**TO DO**
Below are entries; repeat exactly, and nothing else, the lines from the one holding "MTech Knives A804GY" through the one holding "Coussins Décoratifs Motif", inclusive. Leave the pictures out.
### INFORMATION PROVIDED
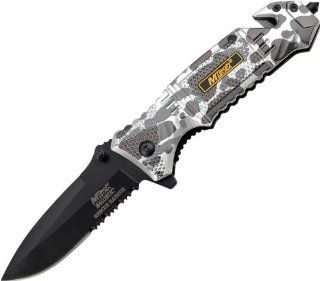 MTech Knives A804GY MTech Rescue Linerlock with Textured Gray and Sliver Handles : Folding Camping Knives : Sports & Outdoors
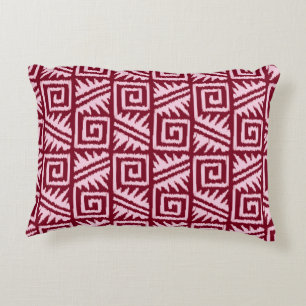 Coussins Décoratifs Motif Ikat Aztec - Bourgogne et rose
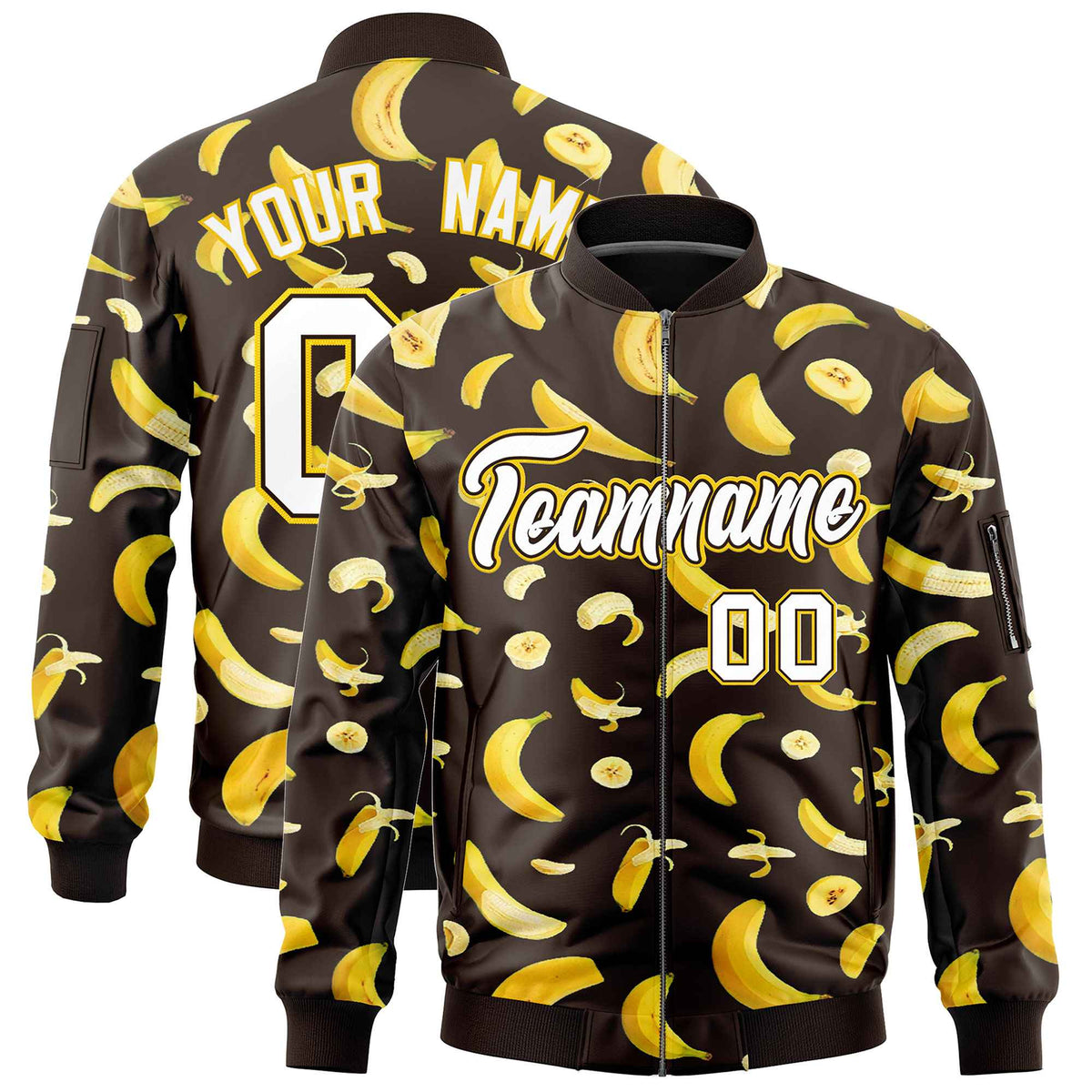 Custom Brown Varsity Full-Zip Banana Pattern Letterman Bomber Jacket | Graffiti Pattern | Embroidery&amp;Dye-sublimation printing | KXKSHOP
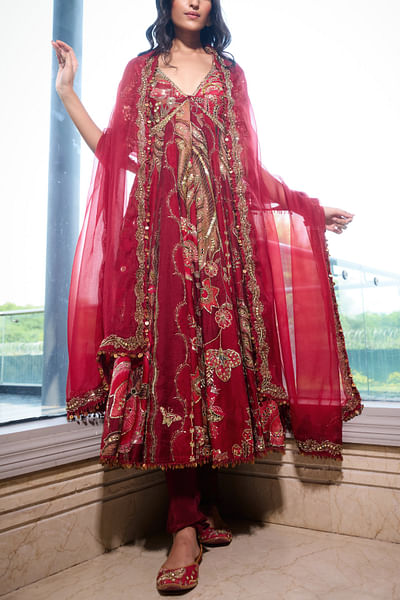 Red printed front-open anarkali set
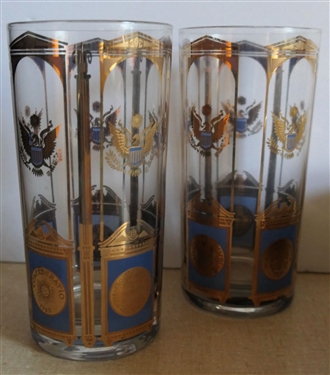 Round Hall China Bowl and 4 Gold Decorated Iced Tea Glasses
######
### INFORMATION PROVIDED
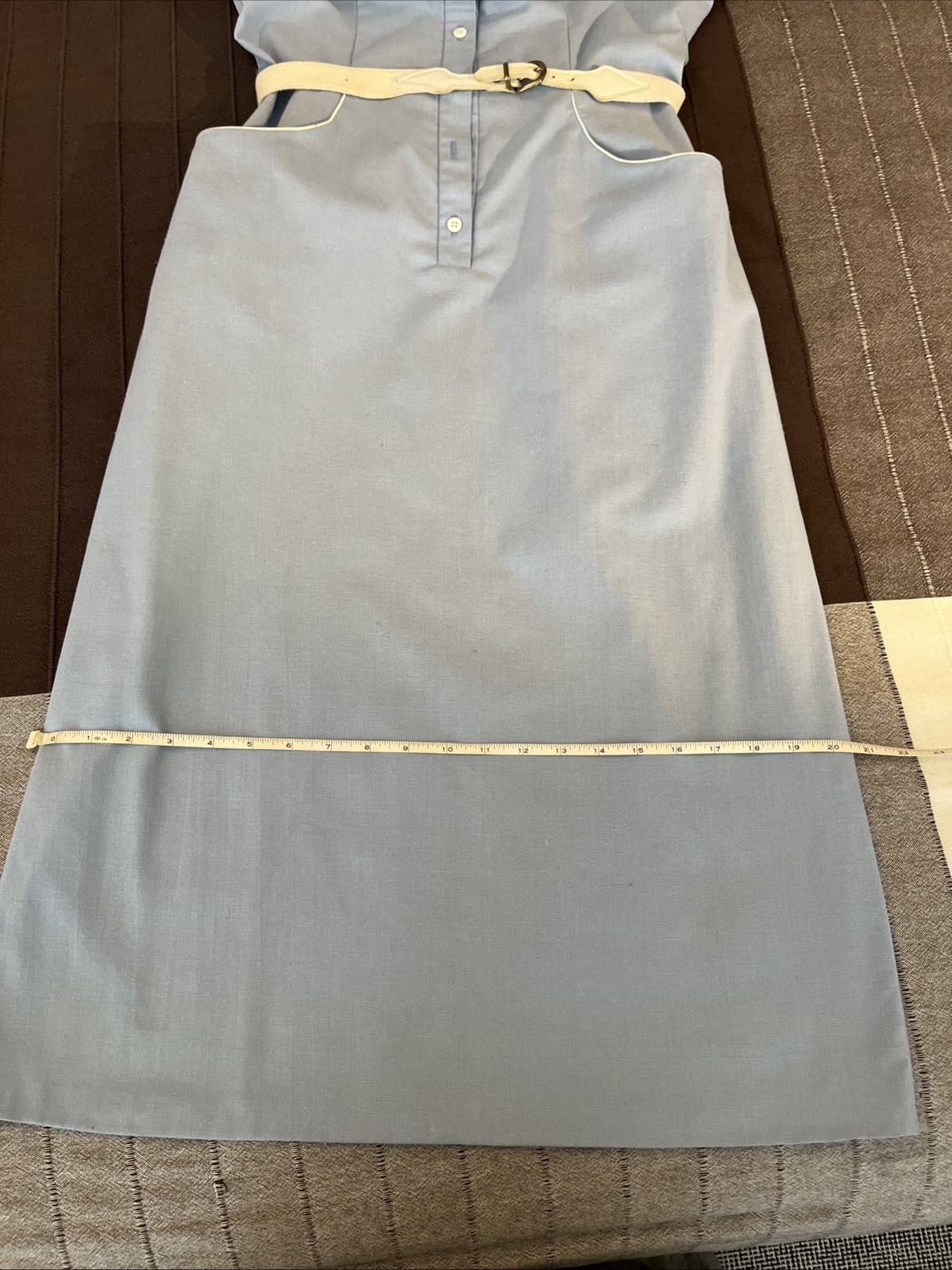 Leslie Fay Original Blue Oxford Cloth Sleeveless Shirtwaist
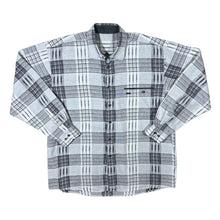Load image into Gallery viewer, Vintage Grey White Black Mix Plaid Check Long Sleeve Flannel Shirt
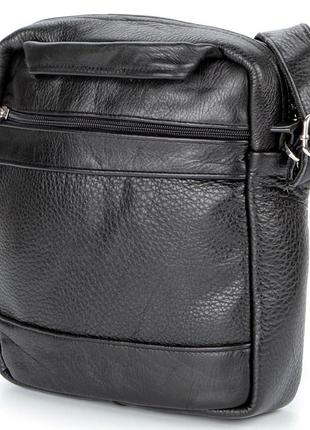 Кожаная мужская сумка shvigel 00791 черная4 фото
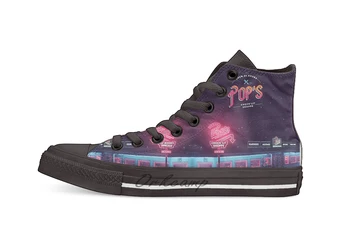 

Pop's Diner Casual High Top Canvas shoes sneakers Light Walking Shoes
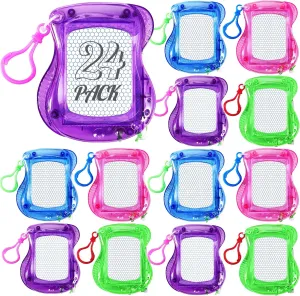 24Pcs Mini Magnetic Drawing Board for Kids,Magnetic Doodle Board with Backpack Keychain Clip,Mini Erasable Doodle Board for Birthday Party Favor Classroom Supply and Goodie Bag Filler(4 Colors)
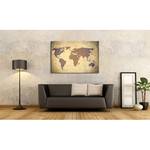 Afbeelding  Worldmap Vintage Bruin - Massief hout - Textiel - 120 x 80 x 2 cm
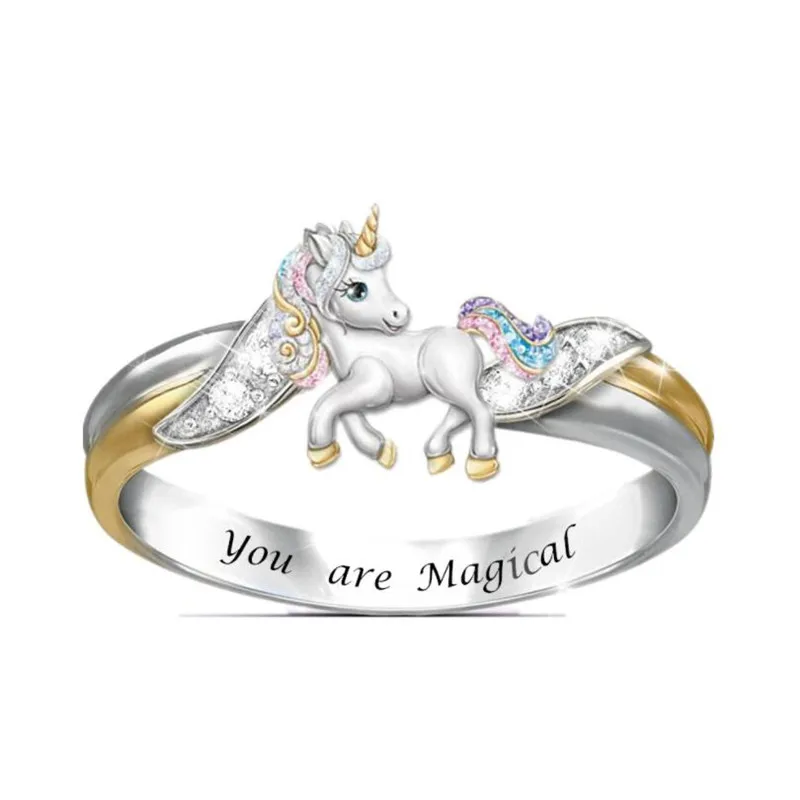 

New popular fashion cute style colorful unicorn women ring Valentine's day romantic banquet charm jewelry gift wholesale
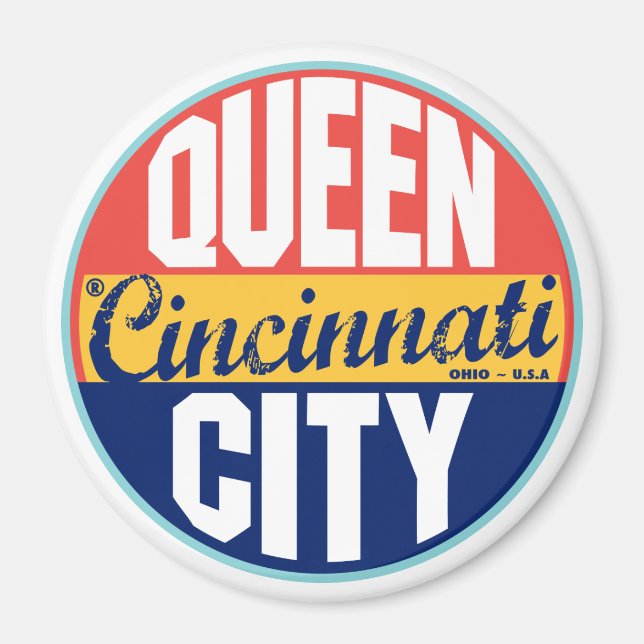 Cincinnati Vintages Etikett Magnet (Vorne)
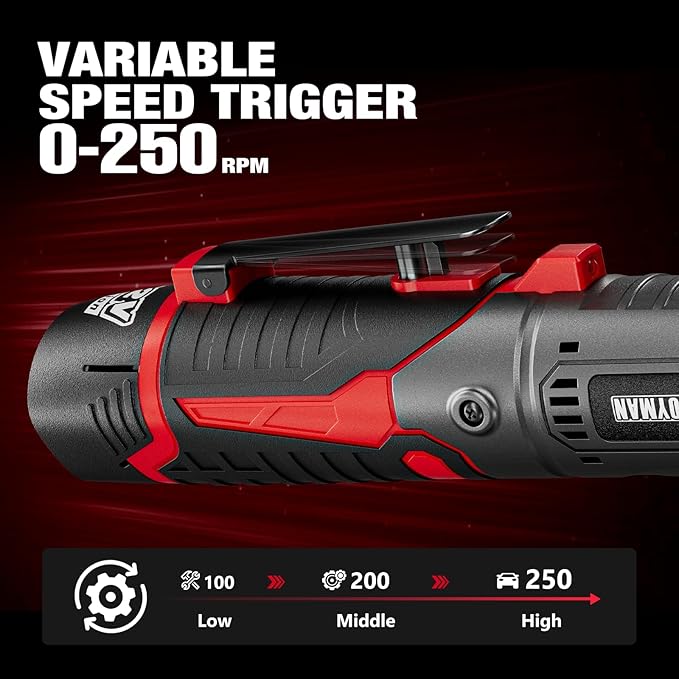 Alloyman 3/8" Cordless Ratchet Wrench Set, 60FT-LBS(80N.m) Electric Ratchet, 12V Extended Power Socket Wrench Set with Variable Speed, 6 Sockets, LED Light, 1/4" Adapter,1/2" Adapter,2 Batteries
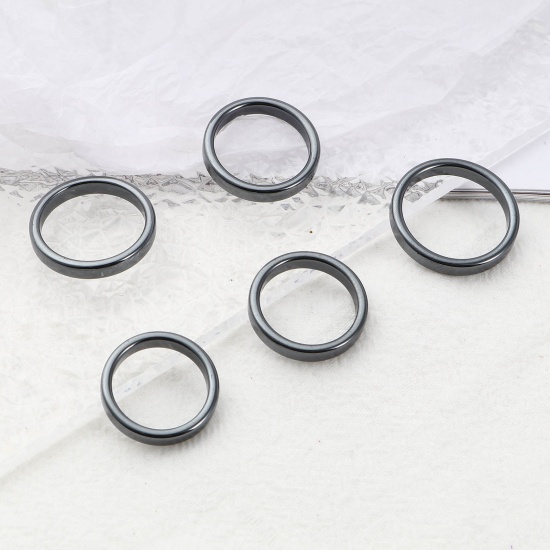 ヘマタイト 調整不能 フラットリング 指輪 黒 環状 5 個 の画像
######
**EXERCISE OUTPUT**
 MTech Knives A804GY MTech Rescue Linerlock with Textured Gray and Sliver Handles : Folding Camping Knives : Sports & Outdoors
 Coussins Décoratifs Motif Ikat Aztec - Bourgogne et rose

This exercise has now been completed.